Three of the main supply-side factors driving current global inflation levels have already reversed, meaning there could be relief on the horizon for shoppers around the world.
A semiconductor price — a barometer of the cost of finished electronic products as diverse as laptops, dishwashers, LED lights and medical devices shipped worldwide — is now halfway from its July 2018 peak and down 14% compared to the middle of last year.
The spot rate for shipping containers – which tells us more about the spending we can expect later in the pipeline on clothing in Chicago, luxury goods in Singapore or home furnishings in Europe – has fallen 26% since its high in September 2021.
Fertilizer prices in North America – an indicator of where global food inflation is headed, including bills for tomatoes in London or onions for sale in a Johannesburg market – are 24% below their March record high.
With euro area inflation now above 8%, and expected to remain above that level in the US when May data comes out on Friday and also on the rise in Asia, central bankers around the world are struggling to keep it in check. to keep it under control.
Even as central bankers raise interest rates, more economists are rallying around the idea that peak inflation is behind us — although there will be a slowdown before the lower cost of commodities seeps into the prices shoppers are seeing.
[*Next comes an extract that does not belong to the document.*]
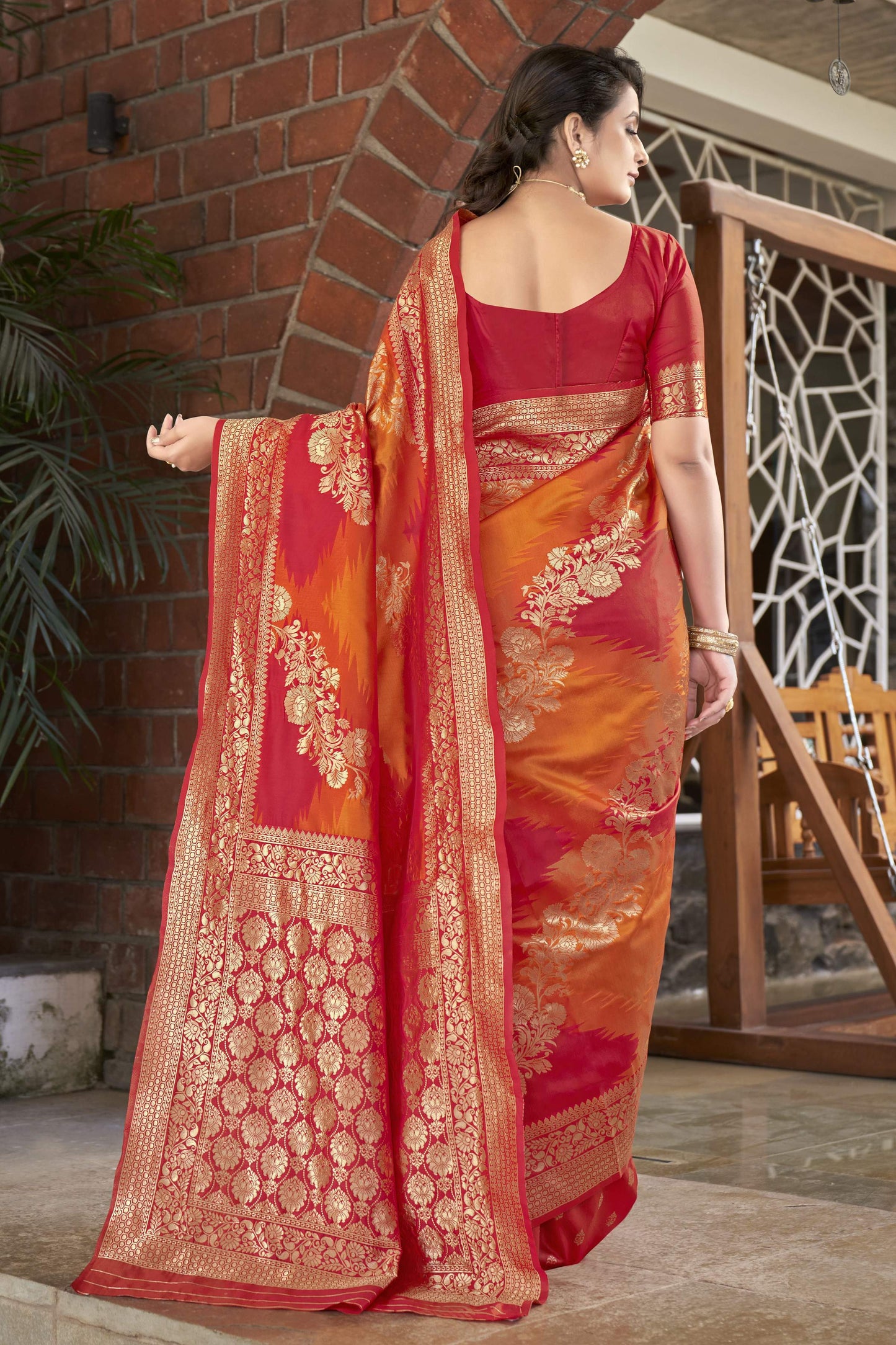 MANOHARI Banarasi Silk Blend Jacquard Work Saree - Orange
While few near-term forecasters predict a return to pre-pandemic prices, global retail giants like Walmart Inc. now to send inflated supplies to a less enthusiastic customer. So a moderation of those supply-side pressures could eventually allow central bankers to slow their tightening cycles.
“While inflation has not yet peaked in some parts of the world, there are at least some signs that we may not be too far off in terms of a turning point where we begin to see annual inflation fall,” says Khoon Goh. , head of Asia research in Singapore at Australia & New Zealand Banking Group.
Chinese producer prices peaked in late 2021 and are beginning to moderate. Economists predict a 6.5% increase in factory prices in May from a year earlier, from 8% in April.
That is a promising development for easing the inflation of imported goods worldwide, Goh said. In addition, lower container freight rates and better supplier lead times in purchasing managers’ indexes point to a reduction in bottlenecks that should curb price pressures later this year, he said.